Although targeted inhibition of BCR-ABL with imatinib is an effective therapy for patients with chronic myeloid leukemia, a minority acquire mutations in the kinase domain (KD) that cause imatinib resistance. The spectrum of KD mutations thus far discovered, although quite heterogeneous, includes almost exclusively single nucleotide substitutions in key amino acids regulating drug binding or BCR-ABL function.
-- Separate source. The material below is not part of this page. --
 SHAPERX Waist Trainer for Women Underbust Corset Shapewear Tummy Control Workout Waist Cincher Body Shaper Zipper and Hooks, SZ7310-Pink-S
Here, we describe a KD insertion/truncation mutation in 3 CML patients undergoing kinase inhibitor therapy. Two of these patients were being treated with imatinib (for 12 and 17 months), and one with dasatinib (for 13 months after a prior relapse while on imatinib). Suspected drug resistance was assessed by direct DNA sequencing of a BCR-ABL PCR product extending to the end of the kinase domain. Each of these 3 patients had 35 nucleotides from ABL intron 8 inserted at the normal exon 8–9 splice junction, after nucleotide 1423 (amino acid 475) of Genbank cDNA clone NM_005157. In all 3 cases, the mutation was co-expressed with wild type BCR-ABL sequence. The inserted sequence is derived from intron 8, beginning 1151 bp downstream from the normal splice donor site at the end of exon 8. This 35 bp intronic sequence is flanked by excellent consensus splice donor and acceptor sequences, suggesting alternative splicing as the likely mutational mechanism. The insertion creates a premature translational stop codon after 10 intron-encoded amino acids (figure), thus truncating 653 C-terminal amino acids including part of the KD and the entire last exon region - including a proline-rich domain, 3 nuclear localization signals, a DNA-binding domain, an actin-binding domain, and a nuclear export signal. These 3 insertion mutation cases were detected in our diagnostic clinical molecular pathology laboratory after sequencing 174 cases referred to us for suspected kinase inhibitor resistance, 78 of which contained a detectable mutation. The estimated prevalence of the exon 8/9 insertion/truncation mutation is then approximately 1.7% among patients with suspected drug resistance, and this mutation constitutes approximately 3.8% of all mutations.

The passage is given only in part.